=== Begin Enclosure ===
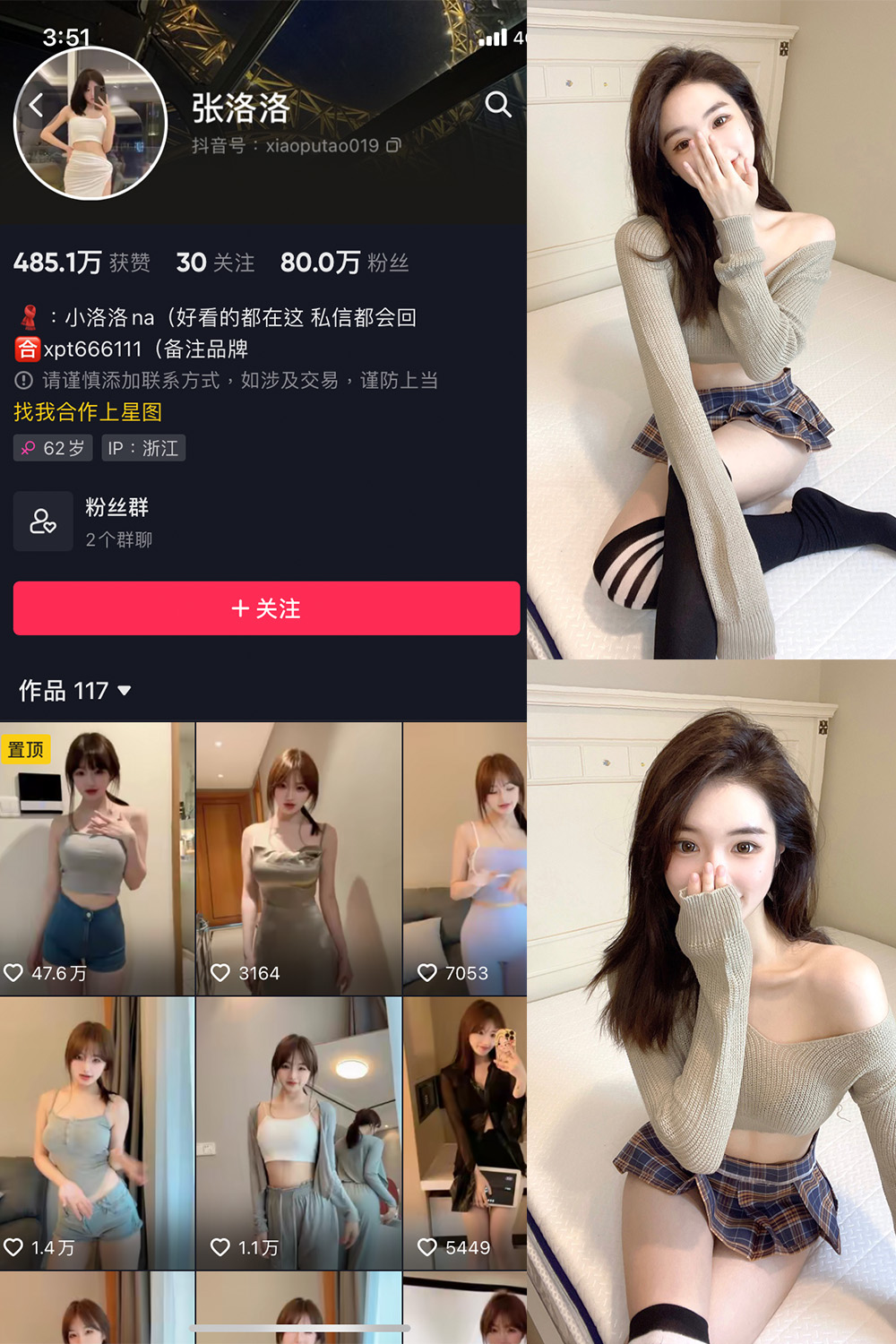 抖音 张洛洛 微密圈 NO.002期 【27P】-萤火集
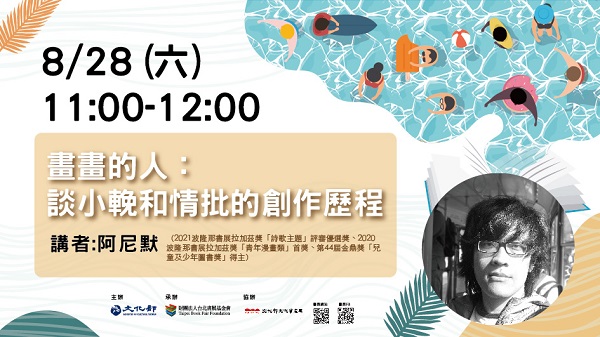 2021巡迴書展 - 阿尼默 2021巡迴書展 - 阿尼默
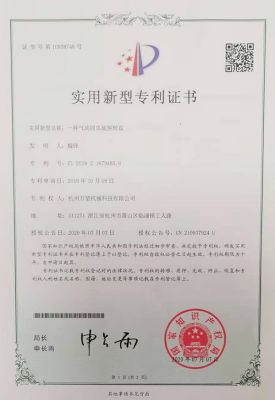 一种气动四爪底座转盘
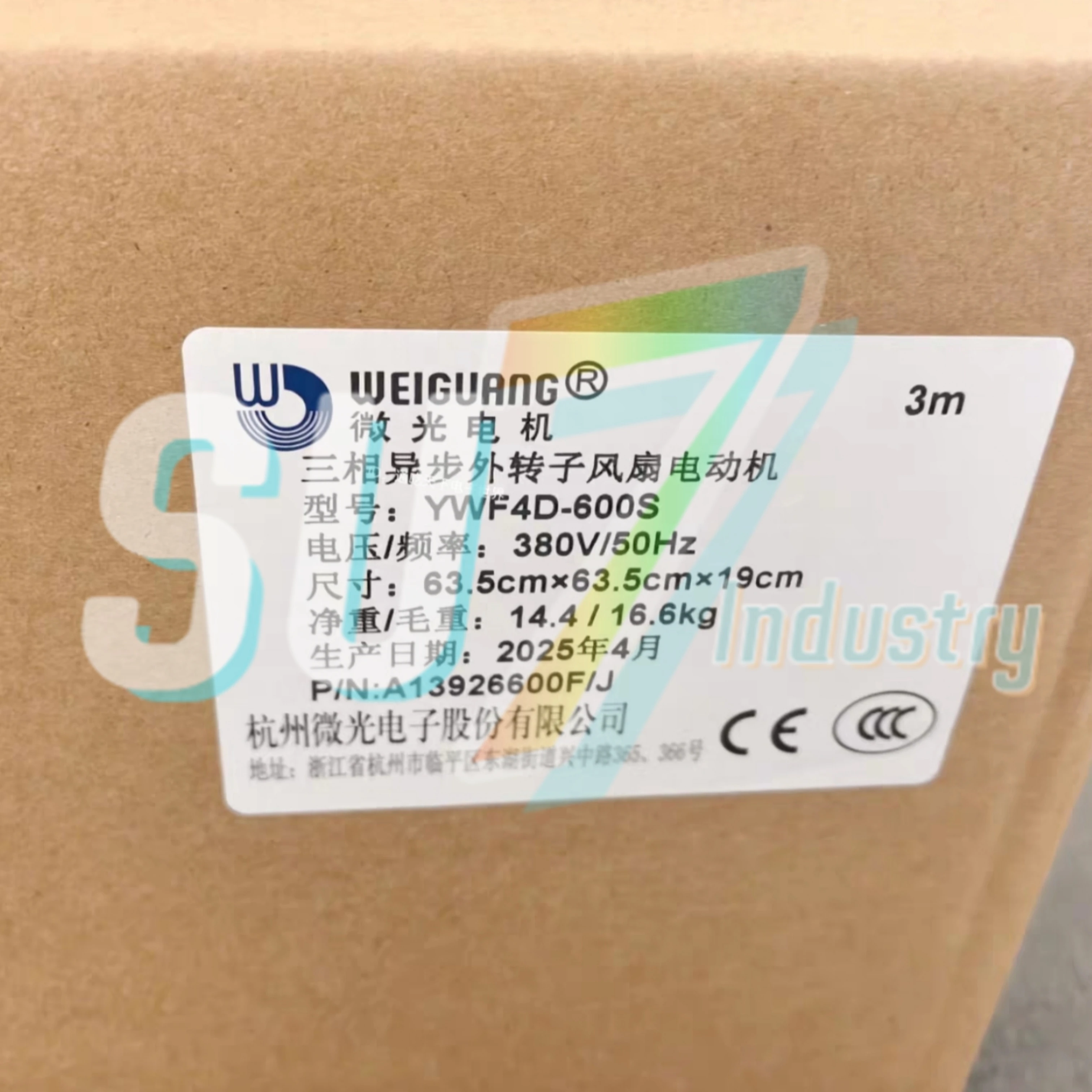 

Outer rotor fan YWF4D-600B YWF4D-600S New original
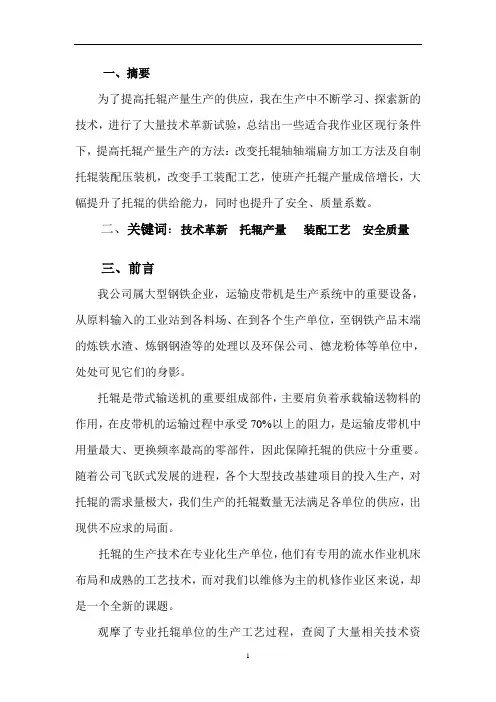 提高托辊产量生产工艺改进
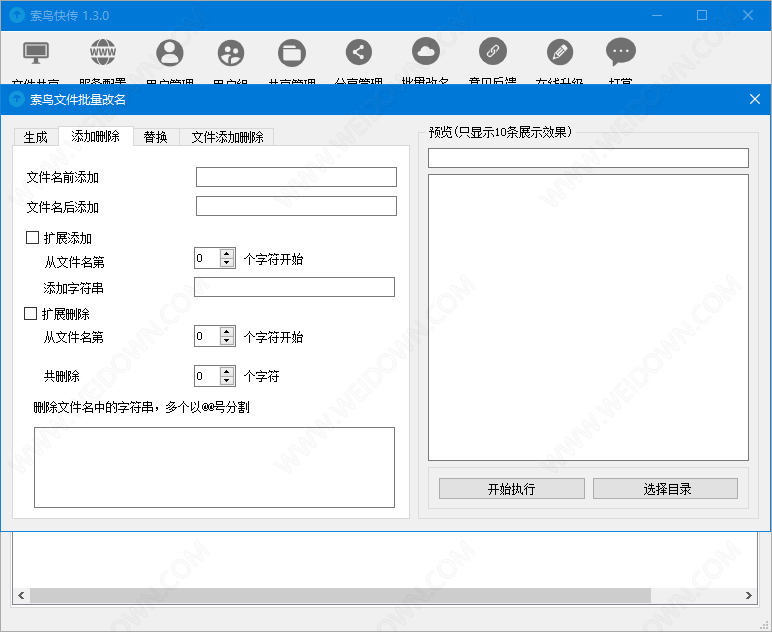 索鸟快传下载 - 索鸟快传 1.3.0 绿色中文版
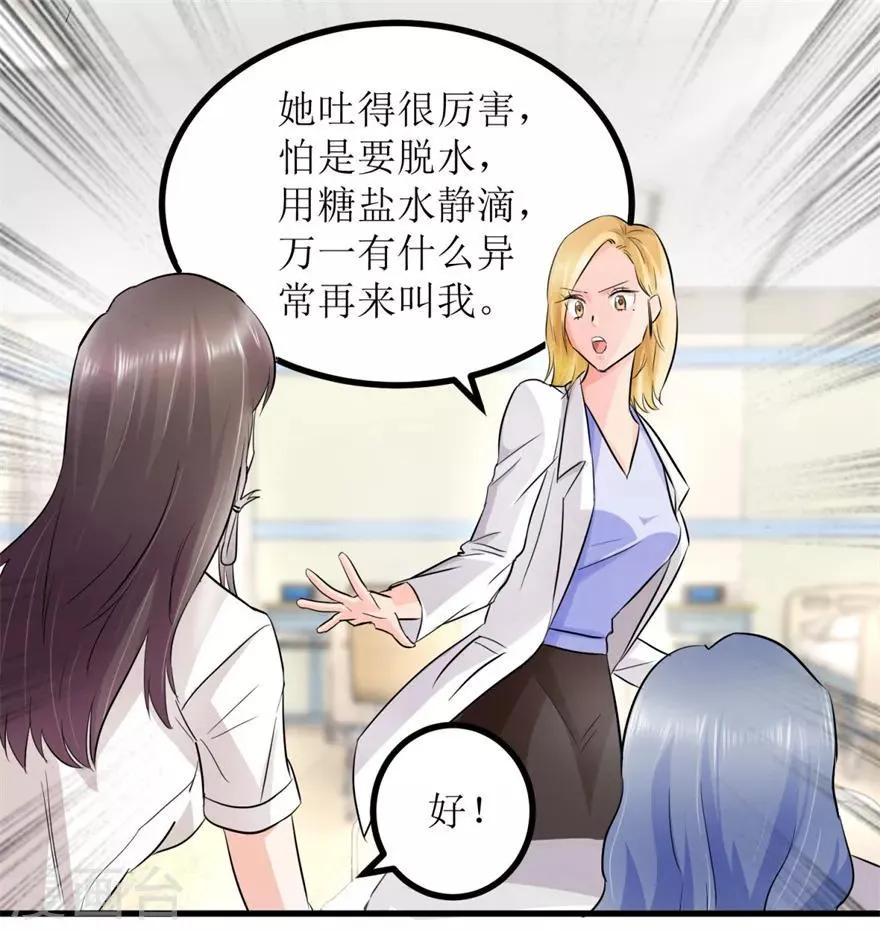第5话 神药显灵 第12页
=== End Enclosure ===
Task prompt:
In the data above, the line containing "提高托辊产量生产工艺改进" and all lines after it are to be reproduced exactly, leaving out the pictures.

Answer space:
 提高托辊产量生产工艺改进
 索鸟快传下载 - 索鸟快传 1.3.0 绿色中文版
第5话 神药显灵 第12页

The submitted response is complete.